--- Data excerpt Enclosed Below ---

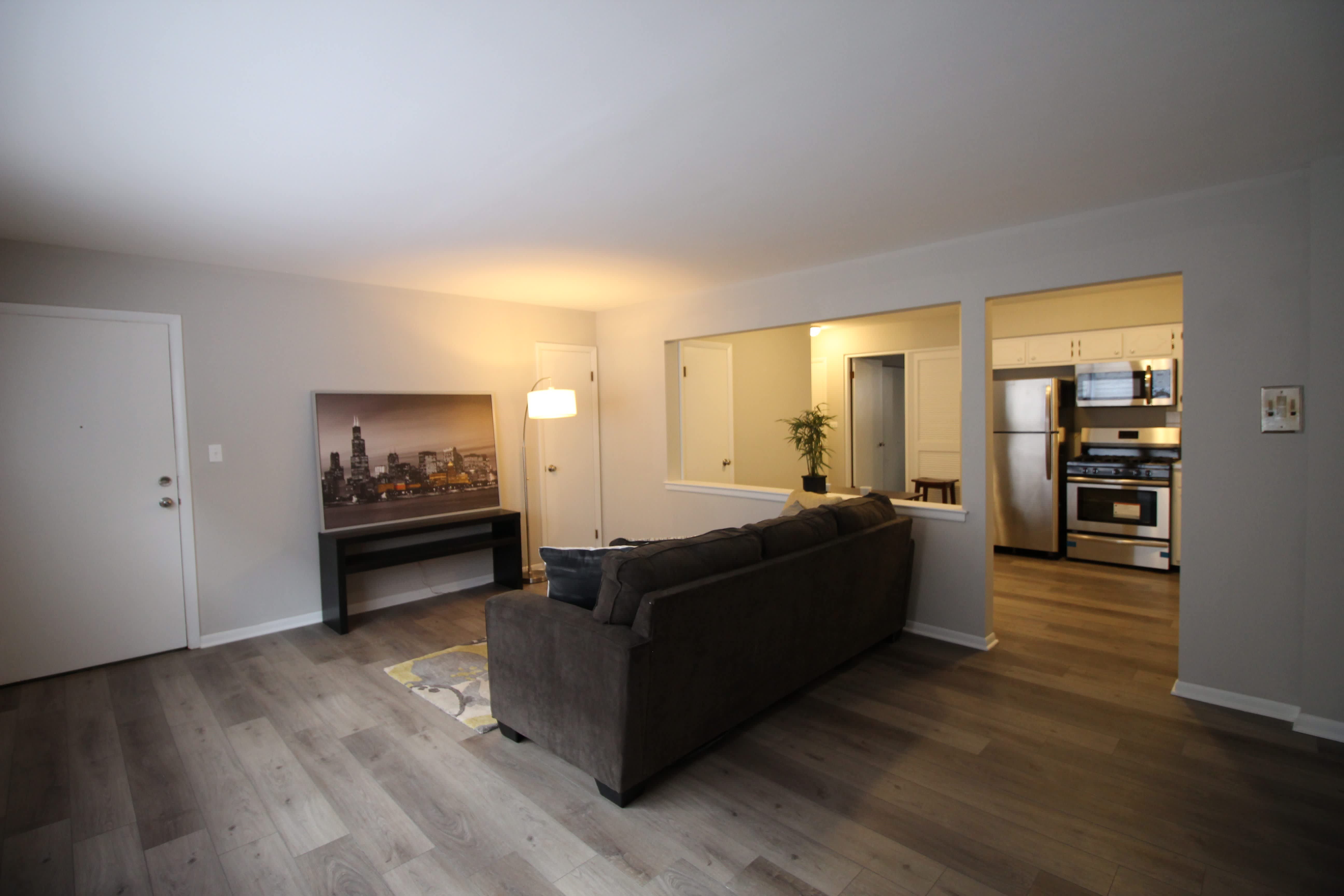 4812 N Hermitage Ave – photo 2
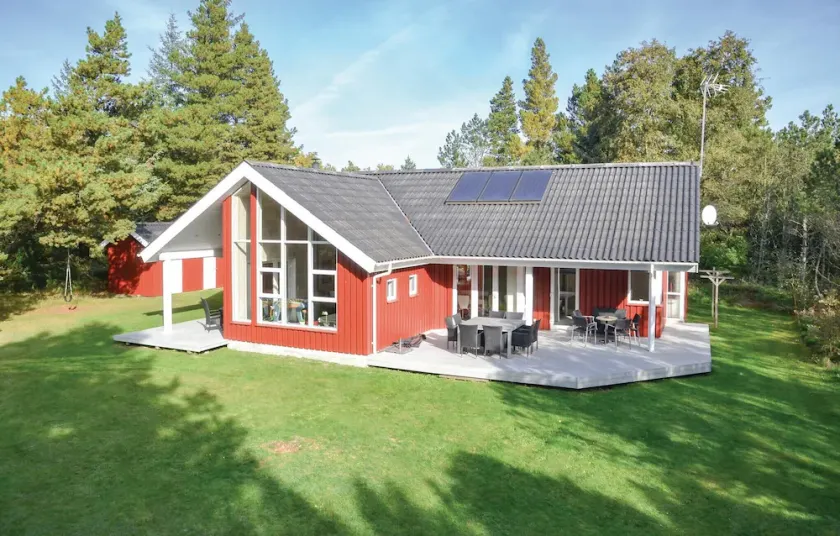 Cozy home in Oksbøl with sauna - Image 1
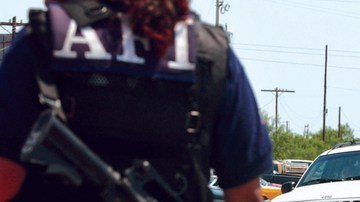 En el operativo realizado en  Semana Santa del Programa Paisano, 20 mexicanos procedentes de Estados Unidos fueron estafados con documentos falsos para la internación de sus coches a México.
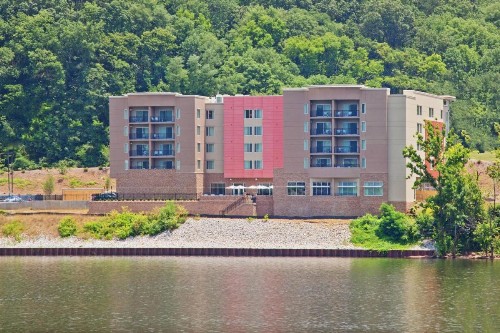 SpringHill Suites by Marriott Downtown Chattanooga/Cameron Harbor - image 2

--- End of Enclosed Data excerpt ---

Work order:
The job here is to retype the data exactly, with no pictures included.

Finished exercise:
 4812 N Hermitage Ave – photo 2
 Cozy home in Oksbøl with sauna - Image 1
 En el operativo realizado en  Semana Santa del Programa Paisano, 20 mexicanos procedentes de Estados Unidos fueron estafados con documentos falsos para la internación de sus coches a México.
 SpringHill Suites by Marriott Downtown Chattanooga/Cameron Harbor - image 2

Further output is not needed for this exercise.